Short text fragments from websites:

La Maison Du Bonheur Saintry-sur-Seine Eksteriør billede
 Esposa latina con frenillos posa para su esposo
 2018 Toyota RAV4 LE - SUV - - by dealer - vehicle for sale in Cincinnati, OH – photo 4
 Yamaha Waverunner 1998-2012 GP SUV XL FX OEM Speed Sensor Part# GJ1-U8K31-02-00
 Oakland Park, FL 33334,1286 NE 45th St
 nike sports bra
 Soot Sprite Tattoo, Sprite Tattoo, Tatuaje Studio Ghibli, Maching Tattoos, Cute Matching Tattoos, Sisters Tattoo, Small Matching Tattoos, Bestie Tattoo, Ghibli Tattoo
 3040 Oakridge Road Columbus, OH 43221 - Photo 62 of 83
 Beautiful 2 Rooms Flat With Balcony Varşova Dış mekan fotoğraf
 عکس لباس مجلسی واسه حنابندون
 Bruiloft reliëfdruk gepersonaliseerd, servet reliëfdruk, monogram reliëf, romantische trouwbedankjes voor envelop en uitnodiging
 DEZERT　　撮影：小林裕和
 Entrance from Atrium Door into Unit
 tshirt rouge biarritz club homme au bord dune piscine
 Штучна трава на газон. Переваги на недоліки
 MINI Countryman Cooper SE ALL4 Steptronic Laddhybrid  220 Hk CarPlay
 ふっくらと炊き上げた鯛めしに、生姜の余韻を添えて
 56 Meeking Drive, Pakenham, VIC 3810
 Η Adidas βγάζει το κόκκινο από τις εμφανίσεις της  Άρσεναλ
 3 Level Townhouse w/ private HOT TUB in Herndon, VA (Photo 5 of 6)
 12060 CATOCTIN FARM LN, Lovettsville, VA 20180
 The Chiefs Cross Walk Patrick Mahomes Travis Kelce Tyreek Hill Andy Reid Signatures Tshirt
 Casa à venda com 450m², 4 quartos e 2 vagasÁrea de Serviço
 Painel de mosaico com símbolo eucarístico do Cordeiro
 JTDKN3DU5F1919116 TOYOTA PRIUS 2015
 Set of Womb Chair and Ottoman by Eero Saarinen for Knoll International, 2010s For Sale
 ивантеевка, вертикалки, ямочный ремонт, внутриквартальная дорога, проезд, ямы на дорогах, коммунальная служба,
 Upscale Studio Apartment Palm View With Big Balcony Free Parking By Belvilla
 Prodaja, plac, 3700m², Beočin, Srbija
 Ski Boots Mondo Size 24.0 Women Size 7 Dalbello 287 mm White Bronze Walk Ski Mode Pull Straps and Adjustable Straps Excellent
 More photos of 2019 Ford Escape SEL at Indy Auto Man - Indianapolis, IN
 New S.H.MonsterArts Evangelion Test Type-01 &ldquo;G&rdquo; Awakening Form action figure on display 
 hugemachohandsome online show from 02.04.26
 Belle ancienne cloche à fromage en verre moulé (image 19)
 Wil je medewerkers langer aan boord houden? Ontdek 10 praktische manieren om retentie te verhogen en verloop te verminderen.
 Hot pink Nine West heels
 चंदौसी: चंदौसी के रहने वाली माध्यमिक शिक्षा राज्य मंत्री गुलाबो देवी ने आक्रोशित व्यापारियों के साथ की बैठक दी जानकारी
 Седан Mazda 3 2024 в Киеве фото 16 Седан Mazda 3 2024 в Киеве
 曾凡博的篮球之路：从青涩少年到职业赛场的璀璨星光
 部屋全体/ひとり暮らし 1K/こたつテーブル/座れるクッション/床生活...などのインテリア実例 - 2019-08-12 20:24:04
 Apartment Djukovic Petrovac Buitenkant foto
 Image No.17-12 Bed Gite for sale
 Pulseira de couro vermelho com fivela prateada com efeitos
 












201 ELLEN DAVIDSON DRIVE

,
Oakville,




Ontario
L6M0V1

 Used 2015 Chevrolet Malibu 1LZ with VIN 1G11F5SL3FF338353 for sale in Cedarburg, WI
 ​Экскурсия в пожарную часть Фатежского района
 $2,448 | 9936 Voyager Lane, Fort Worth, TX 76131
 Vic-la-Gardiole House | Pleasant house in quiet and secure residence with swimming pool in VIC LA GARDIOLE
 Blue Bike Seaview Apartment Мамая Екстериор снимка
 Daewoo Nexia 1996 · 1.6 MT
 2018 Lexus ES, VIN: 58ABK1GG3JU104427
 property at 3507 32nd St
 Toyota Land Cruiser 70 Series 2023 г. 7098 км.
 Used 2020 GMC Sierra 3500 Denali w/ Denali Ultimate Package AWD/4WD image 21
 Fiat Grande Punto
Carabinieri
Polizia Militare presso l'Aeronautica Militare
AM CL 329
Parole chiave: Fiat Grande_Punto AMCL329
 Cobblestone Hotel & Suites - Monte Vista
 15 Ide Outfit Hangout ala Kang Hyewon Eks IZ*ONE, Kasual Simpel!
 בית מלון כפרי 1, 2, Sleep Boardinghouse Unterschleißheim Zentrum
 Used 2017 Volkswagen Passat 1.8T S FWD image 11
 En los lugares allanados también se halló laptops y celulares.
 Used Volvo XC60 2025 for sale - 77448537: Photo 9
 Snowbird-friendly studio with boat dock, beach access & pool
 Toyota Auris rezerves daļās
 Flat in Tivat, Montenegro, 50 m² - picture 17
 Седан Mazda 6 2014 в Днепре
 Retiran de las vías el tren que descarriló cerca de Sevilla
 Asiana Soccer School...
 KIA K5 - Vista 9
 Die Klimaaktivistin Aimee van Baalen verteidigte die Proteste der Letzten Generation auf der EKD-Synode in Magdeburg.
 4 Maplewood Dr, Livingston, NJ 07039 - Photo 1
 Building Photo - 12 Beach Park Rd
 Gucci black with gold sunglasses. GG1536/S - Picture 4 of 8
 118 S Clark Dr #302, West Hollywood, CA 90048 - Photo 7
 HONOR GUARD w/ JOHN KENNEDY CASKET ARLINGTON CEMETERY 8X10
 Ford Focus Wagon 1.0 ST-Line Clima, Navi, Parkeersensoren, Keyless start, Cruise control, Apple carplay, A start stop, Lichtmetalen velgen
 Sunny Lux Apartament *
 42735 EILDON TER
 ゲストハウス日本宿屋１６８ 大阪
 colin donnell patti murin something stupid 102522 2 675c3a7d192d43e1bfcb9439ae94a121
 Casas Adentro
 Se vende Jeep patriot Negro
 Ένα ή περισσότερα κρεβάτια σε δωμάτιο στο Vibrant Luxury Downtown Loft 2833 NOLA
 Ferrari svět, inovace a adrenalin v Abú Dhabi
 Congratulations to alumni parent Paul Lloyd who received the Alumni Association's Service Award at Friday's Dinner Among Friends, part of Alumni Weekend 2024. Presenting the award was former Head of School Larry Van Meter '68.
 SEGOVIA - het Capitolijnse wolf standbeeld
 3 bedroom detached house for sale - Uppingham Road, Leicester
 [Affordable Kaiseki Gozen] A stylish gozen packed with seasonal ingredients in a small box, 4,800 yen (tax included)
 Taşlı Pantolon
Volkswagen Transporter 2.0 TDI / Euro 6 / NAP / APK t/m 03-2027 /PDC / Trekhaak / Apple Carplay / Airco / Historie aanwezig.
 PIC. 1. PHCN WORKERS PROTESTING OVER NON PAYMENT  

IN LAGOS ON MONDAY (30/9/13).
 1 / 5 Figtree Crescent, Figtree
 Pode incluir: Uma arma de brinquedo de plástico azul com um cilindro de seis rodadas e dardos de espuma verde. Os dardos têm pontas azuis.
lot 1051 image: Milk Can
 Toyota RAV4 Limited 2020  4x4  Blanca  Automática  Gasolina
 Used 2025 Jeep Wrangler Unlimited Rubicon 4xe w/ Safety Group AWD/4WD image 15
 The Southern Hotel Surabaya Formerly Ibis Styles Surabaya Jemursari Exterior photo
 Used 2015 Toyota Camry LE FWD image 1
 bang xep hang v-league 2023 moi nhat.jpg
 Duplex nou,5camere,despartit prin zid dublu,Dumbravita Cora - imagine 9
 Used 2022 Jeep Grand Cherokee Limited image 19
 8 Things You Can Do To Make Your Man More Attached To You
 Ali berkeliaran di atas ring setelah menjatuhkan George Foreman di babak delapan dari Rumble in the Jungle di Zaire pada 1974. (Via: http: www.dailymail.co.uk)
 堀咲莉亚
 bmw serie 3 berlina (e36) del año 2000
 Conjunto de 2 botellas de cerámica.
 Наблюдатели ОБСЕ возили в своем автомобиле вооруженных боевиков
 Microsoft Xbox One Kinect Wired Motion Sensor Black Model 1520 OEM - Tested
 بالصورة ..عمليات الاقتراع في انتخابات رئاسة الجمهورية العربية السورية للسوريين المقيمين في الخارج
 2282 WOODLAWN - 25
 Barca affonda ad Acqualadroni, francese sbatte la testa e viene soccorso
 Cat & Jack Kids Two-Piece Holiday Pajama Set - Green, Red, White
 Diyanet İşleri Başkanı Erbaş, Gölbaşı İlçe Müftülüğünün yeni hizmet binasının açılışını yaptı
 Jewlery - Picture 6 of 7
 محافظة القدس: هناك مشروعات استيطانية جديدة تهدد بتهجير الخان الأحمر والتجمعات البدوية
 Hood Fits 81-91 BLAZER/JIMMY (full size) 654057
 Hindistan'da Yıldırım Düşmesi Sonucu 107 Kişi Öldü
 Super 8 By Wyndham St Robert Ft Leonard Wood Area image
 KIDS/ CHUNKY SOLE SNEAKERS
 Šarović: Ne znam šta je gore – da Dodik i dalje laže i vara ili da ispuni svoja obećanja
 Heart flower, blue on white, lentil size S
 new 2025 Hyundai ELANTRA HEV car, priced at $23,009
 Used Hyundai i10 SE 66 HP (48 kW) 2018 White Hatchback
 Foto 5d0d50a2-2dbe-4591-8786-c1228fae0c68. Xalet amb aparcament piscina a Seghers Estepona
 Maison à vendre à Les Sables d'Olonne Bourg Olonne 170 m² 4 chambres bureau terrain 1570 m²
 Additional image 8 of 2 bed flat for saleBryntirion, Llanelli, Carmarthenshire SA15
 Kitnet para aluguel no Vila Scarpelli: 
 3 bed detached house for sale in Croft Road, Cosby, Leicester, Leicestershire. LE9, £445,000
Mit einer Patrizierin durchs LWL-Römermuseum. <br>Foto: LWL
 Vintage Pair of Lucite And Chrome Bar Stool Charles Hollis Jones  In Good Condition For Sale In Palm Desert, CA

• **What is required**:
Lines with "Hotel" in the records above: copy every one of them.

• **Your solution**:
 Cobblestone Hotel & Suites - Monte Vista
 The Southern Hotel Surabaya Formerly Ibis Styles Surabaya Jemursari Exterior photo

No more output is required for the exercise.